--- Available data Enclosed Below ---

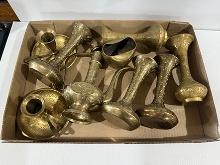 Lot of 9 Indian Brass Vases & Candle Stick Holders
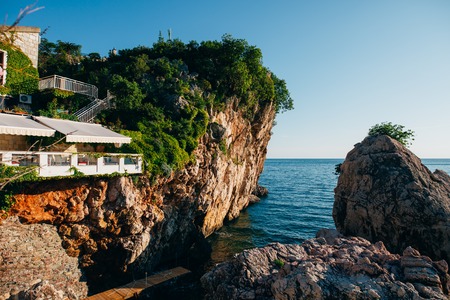 Przno, Montenegro. Restaurant on the cliff near the sea.の写真素材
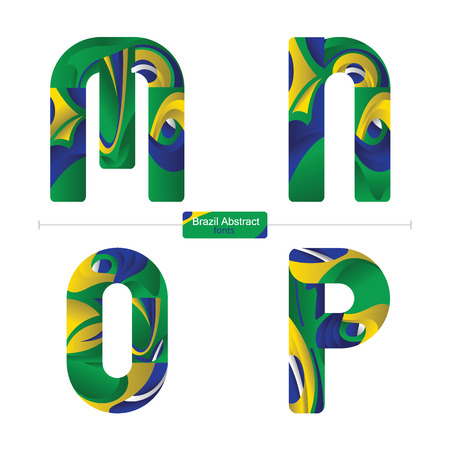 Vector graphic alphabet in a set M,N,O,P, with brazil abstract styleのイラスト素材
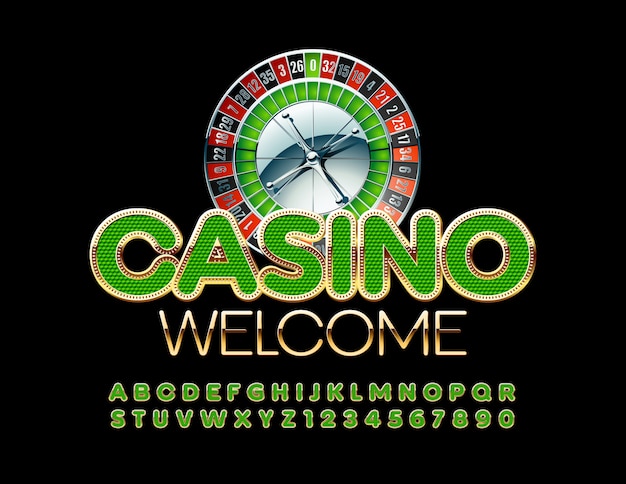 Bienvenue Au Casino Avec Des Lettres Et Des Chiffres De L'alphabet Or Et Vert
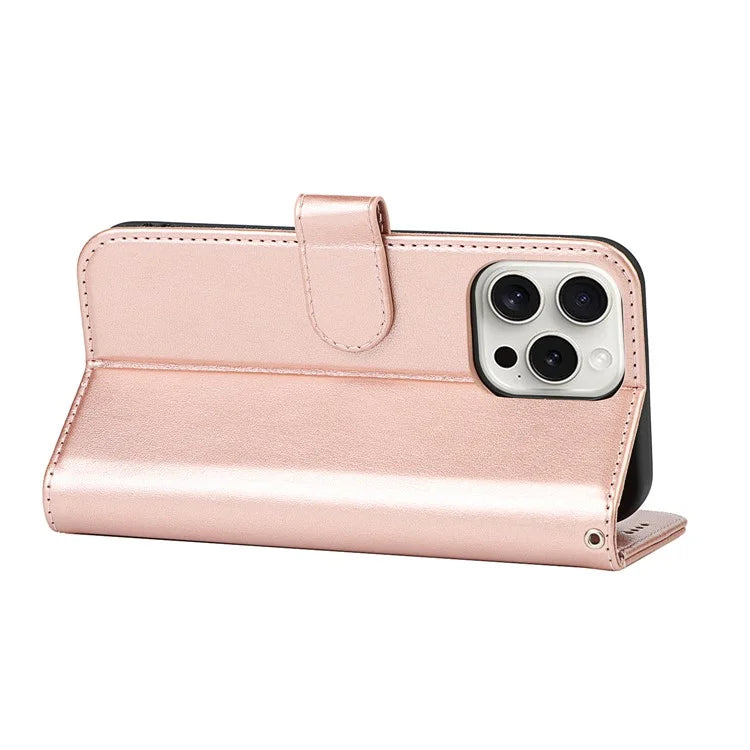 For iPhone 15 Pro Wallet Leather Cover R61 Texture PU Leather Stand Case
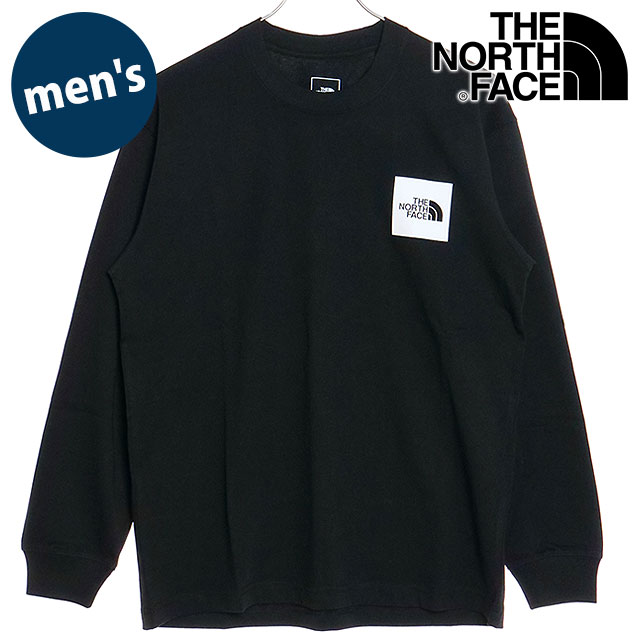 ザ ノースフェイス THE NORTH FACE メンズ ロングスリーブスクエアロゴティー NT82334-K FW23 TNF アウトドア トップス  長袖 Tシャツ ブラック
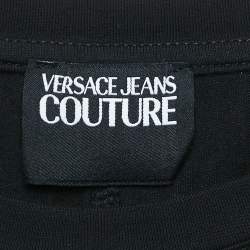 Pre Owned Versace Jeans Couture Black Logo Embroidered Cotton Knit Mini Dress M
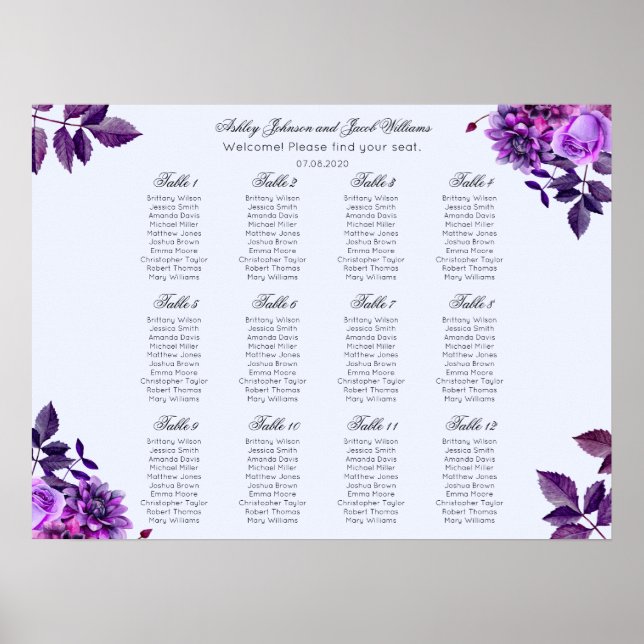 Affiche Carte des sièges mariages aux fleurs violettes. Fl (Devant)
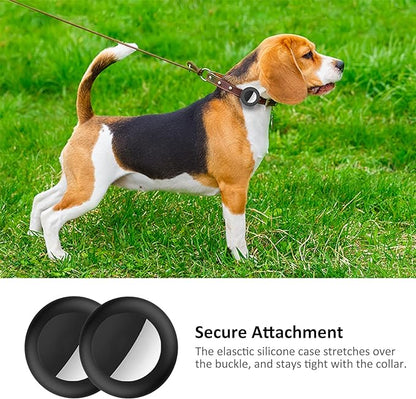 SimpleThings Air-tag Cat Collar Holder, Pet Silicone Protective Case for Air-tag, 2Pack Waterproof Case Cover for Apple Air-tag Cat Dog Pet Collar Within 3/8 inch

--- End of Enclosed Available data ---

- [Task prompt]:
Starting at the line that contains "For iPhone 15", write out every line through the end of the entries, both ends included, without any pictures.

- [Result below]:
 For iPhone 15 Pro Wallet Leather Cover R61 Texture PU Leather Stand Case
 ザ ノースフェイス THE NORTH FACE メンズ ロングスリーブスクエアロゴティー NT82334-K FW23 TNF アウトドア トップス  長袖 Tシャツ ブラック
 Pre Owned Versace Jeans Couture Black Logo Embroidered Cotton Knit Mini Dress M
 Affiche Carte des sièges mariages aux fleurs violettes. Fl (Devant)
 SimpleThings Air-tag Cat Collar Holder, Pet Silicone Protective Case for Air-tag, 2Pack Waterproof Case Cover for Apple Air-tag Cat Dog Pet Collar Within 3/8 inch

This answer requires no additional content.